Companion planting has been used for thousands of years to grow healthier plants and produce greater harvests.

One of the most interesting stories I’ve read about companion planting is the Three Sisters Garden which originated from the Native Americans.

The method involves planting beans, corn, and squash together.

You start by planting rows of a tall sturdy variety of corn. Then plant pole beans around each corn plant which will grow up the stalks of the corn.

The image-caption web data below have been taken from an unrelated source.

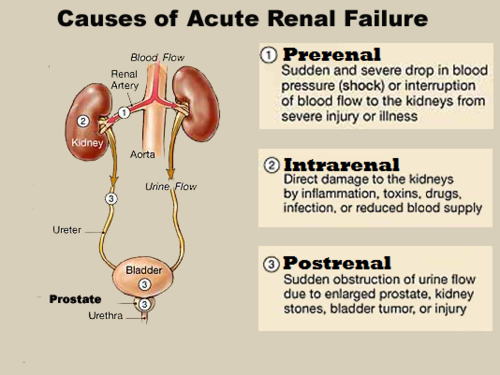 -*most common AKI*
-renal hypoperfusion with intact parenchyma- caused by impaired renal blood flow- normal compensatory mechanism is release of ATII --> afferent arteriole vasodilation and constriction of efferent arterioles to maintain GFR but this will fail if prolonged
•Hypovolemia: hemorrhage, GI fluid loss, renal fluid loss, extravascular sequestration (burns, pancreatitis, renal artery stenosis, severe hyperalbuminemia), decreased intake
•Low cardiac output
•systemic vasodilation: sepsis, anti hypertensives, anaphylaxis
•renal vasoconstriction: hypercalcemia, catecholamines, amphotericin B
•Impairment of renal autoregulatory responses: NSAIDS, ACEI, ARBs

And then plant pumpkins or any winter squash variety that will sprawl out throughout the corn and beans.

So whether you try out the Native American method or just group vegetables and other plants together that complement one another, you can take your garden to the next level!

Tomato Companion Plants

Tomatoes are in the Solanaceae family, also known as the nightshade family.

There are a few great tomato companions and a few non-companions that I’ll cover below.

Another great thing to keep in mind as you look into companions is to consider plants that help deter common pests and diseases.

This is a great practice for tomatoes as well as all other vegetables!

Tomatoes growing in the garden

Tomatoes and Carrots

Carrots aerate the soil around tomato roots helping the tomato plants grow healthier roots. The tomatoes also benefit the carrots by providing them with shade.

Tomatoes and Basil

Basil is a great companion because it helps repel flies, mosquitoes, spider mites, and aphids. It also helps attract pollinators.

Other Tomato Companions

  • Lettuce
  • Spinach
  • Onions

Lettuce and spinach planted with tomatoes help maximize garden space since the tomatoes grow upwards and the spinach and lettuce grow low to the ground.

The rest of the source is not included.